▶ [WHAT YOU HAVE TO DO]:
Each record below needs to be set down again exactly.

▶ [AVAILABLE DATA]:
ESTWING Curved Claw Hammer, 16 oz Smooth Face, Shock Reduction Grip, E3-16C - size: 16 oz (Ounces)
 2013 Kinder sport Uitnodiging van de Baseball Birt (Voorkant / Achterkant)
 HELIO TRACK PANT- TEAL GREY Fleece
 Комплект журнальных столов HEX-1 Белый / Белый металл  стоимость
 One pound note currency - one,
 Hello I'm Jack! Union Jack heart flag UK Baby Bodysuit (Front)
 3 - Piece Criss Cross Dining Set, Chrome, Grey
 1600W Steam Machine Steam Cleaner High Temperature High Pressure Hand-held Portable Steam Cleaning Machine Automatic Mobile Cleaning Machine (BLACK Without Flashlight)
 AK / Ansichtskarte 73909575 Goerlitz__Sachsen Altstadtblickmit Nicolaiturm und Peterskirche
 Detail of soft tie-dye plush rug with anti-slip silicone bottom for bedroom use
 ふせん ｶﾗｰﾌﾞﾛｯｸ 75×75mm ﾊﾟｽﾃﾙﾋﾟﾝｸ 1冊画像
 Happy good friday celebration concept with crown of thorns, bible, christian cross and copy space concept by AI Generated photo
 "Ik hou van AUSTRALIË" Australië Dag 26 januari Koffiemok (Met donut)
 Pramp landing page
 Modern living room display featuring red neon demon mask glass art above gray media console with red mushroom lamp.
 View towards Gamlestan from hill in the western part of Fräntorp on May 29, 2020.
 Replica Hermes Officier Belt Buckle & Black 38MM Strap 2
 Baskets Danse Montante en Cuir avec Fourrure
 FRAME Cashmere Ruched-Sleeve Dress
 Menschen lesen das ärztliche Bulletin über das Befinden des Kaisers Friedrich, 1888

▶ [FINISHED EXERCISE]:
ESTWING Curved Claw Hammer, 16 oz Smooth Face, Shock Reduction Grip, E3-16C - size: 16 oz (Ounces)
 2013 Kinder sport Uitnodiging van de Baseball Birt (Voorkant / Achterkant)
 HELIO TRACK PANT- TEAL GREY Fleece
 Комплект журнальных столов HEX-1 Белый / Белый металл  стоимость
 One pound note currency - one,
 Hello I'm Jack! Union Jack heart flag UK Baby Bodysuit (Front)
 3 - Piece Criss Cross Dining Set, Chrome, Grey
 1600W Steam Machine Steam Cleaner High Temperature High Pressure Hand-held Portable Steam Cleaning Machine Automatic Mobile Cleaning Machine (BLACK Without Flashlight)
 AK / Ansichtskarte 73909575 Goerlitz__Sachsen Altstadtblickmit Nicolaiturm und Peterskirche
 Detail of soft tie-dye plush rug with anti-slip silicone bottom for bedroom use
 ふせん ｶﾗｰﾌﾞﾛｯｸ 75×75mm ﾊﾟｽﾃﾙﾋﾟﾝｸ 1冊画像
 Happy good friday celebration concept with crown of thorns, bible, christian cross and copy space concept by AI Generated photo
 "Ik hou van AUSTRALIË" Australië Dag 26 januari Koffiemok (Met donut)
 Pramp landing page
 Modern living room display featuring red neon demon mask glass art above gray media console with red mushroom lamp.
 View towards Gamlestan from hill in the western part of Fräntorp on May 29, 2020.
 Replica Hermes Officier Belt Buckle & Black 38MM Strap 2
 Baskets Danse Montante en Cuir avec Fourrure
 FRAME Cashmere Ruched-Sleeve Dress
 Menschen lesen das ärztliche Bulletin über das Befinden des Kaisers Friedrich, 1888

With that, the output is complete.